Where a company sources its ingredients determines a large part of its ESG risk profile. This dashboard maps supply chain risk across 8 key food-sourcing countries using four independently measured dimensions — carbon & deforestation, water stress, labor rights, and EU regulatory exposure.
When sustainability teams at food companies talk about reducing ESG risk, they often focus on what is directly visible — their own operations, energy use, packaging. But for most large food companies, the majority of environmental and social impact sits upstream: in the farms, forests, and supply networks of the countries where their ingredients originate.
A German food company sourcing cocoa, palm oil, coffee, or soy is effectively importing the ESG risk profile of those supply chains. That risk is no longer optional to manage. Regulation — particularly the EU Deforestation Regulation (EUDR), the German Supply Chain Act (LkSG), and the forthcoming CSRD value chain requirements — is making supply chain ESG transparency a legal obligation, not just a reputational consideration.
This analysis addresses a practical question: if you are a procurement, sustainability, or ESG analyst at a European food company, which sourcing countries carry the highest risk — and across which dimensions?
Food supply chains are among the most globally dispersed and risk-exposed of any industry. They rely on agricultural commodities from tropical regions where deforestation, water scarcity, and labour vulnerabilities are most acute — and where regulatory scrutiny is now highest.
These countries represent the dominant sourcing origins for the commodities most commonly found in European food products: soy, palm oil, cocoa, coffee, beef, rice, spices, and seafood. Together they cover the most material supply chain ESG exposure for EU food importers.
Supply chain ESG risk is multi-dimensional. Carbon, water stress, labour rights, and regulatory compliance each capture a different type of exposure — and a country that appears low-risk on one dimension can be critical on another, which a single headline score would obscure.
The EUDR came into force in December 2024. The German LkSG has required supply chain due diligence since 2023. CSRD Scope 3 reporting is expanding. Companies that cannot map and score their supply chain origins are already behind on compliance obligations.
Each country is scored 1–10 per dimension (higher = greater risk), then averaged into a composite score. All scores are derived from independent, publicly available datasets. Click any row in the table below to see the full breakdown.

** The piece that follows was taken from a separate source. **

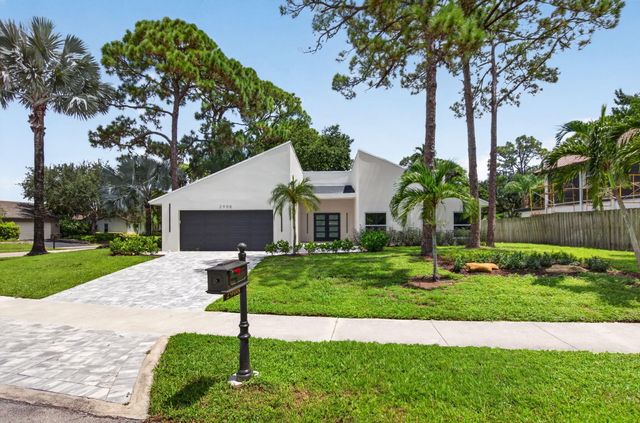 2908 NW 24th Way, Boca Raton, FL 33431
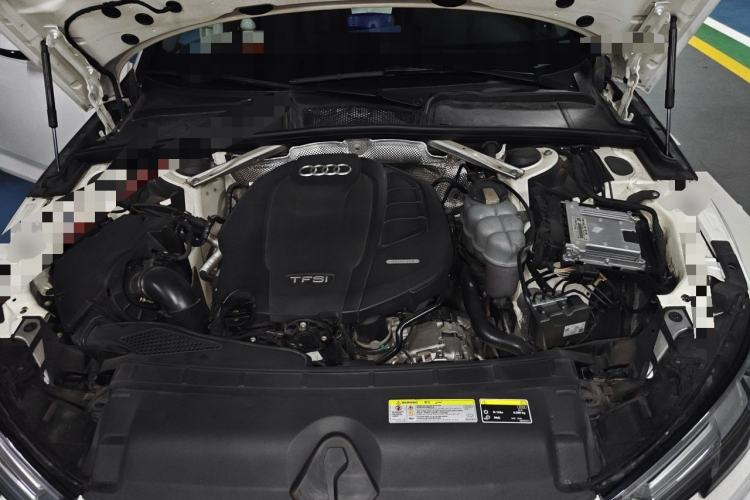 Used Audi A4L 2019 40 TFSI Fashion Edition China VI Emission Standard Engine Bay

Ranked by composite ESG risk score, highest first. Click any row to explore the detailed breakdown.
| Country | Key Commodities | 🌳 Carbon & Deforestation | 💧 Water Stress | ⚠️ Labor Rights | 📋 EUDR Exposure | Composite | Risk Level |
|---|
The EU Deforestation Regulation (2023/1115), in force December 2024, restricts imports of commodities linked to deforestation. Filled bars indicate exposure level (5 = maximum).
Source: European Commission EU Regulation 2023/1115
All data is drawn from publicly available, independently produced datasets. Scores are normalised to a 1–10 scale relative to the 8-country peer group. The composite score is an equal-weighted average of all four dimensions.
The risk scores in this dashboard are not abstract sustainability metrics. They reflect real, regulated, and increasingly financially material risks for anyone involved in food supply chains — whether as a company sourcing ingredients, an investor evaluating ESG performance, or a policy professional designing due diligence frameworks.
Three findings stand out from this analysis. First, ESG risk is concentrated — a small number of countries and commodities account for a disproportionate share of total supply chain exposure. Brazil and Ivory Coast alone carry critical-level risk across multiple dimensions simultaneously. Second, risk is multi-dimensional — India's water stress profile is frequently underestimated because its carbon and EUDR exposure are lower. A single composite score, used uncritically, can obscure these distinctions. Third, even the lowest-risk country in this sample — Argentina — carries material EUDR compliance obligations for soy and beef. There is no risk-free sourcing strategy; there is only better or worse-managed risk.
Companies sourcing from Brazil, Indonesia, or Ivory Coast must now demonstrate due diligence under the EUDR and German LkSG. A country-level risk map like this is the starting point for supplier prioritisation — identifying which origins require deeper audits, supplier engagement programmes, or alternative sourcing strategies. Companies unable to map their Tier 1 and Tier 2 supply chain origins are already exposed to non-compliance risk.
Supply chain ESG risk is increasingly material to financial performance. Companies with concentrated sourcing in high-risk countries — particularly for EUDR-regulated commodities — face import disruption, regulatory penalties, and reputational exposure. Investors using headline ESG ratings should look beyond aggregated scores to understand the geographic origin of a portfolio company's raw material risk, especially as CSRD Scope 3 disclosure makes this data more visible and auditable.
The variation in risk across countries reveals a structural tension: the countries producing the most essential food commodities often have the least institutional capacity to meet the sustainability standards now required by importing markets. Effective supply chain sustainability requires more than compliance frameworks — it demands investment in supplier capacity building, transparent data infrastructure, and policy coherence between producing and consuming countries.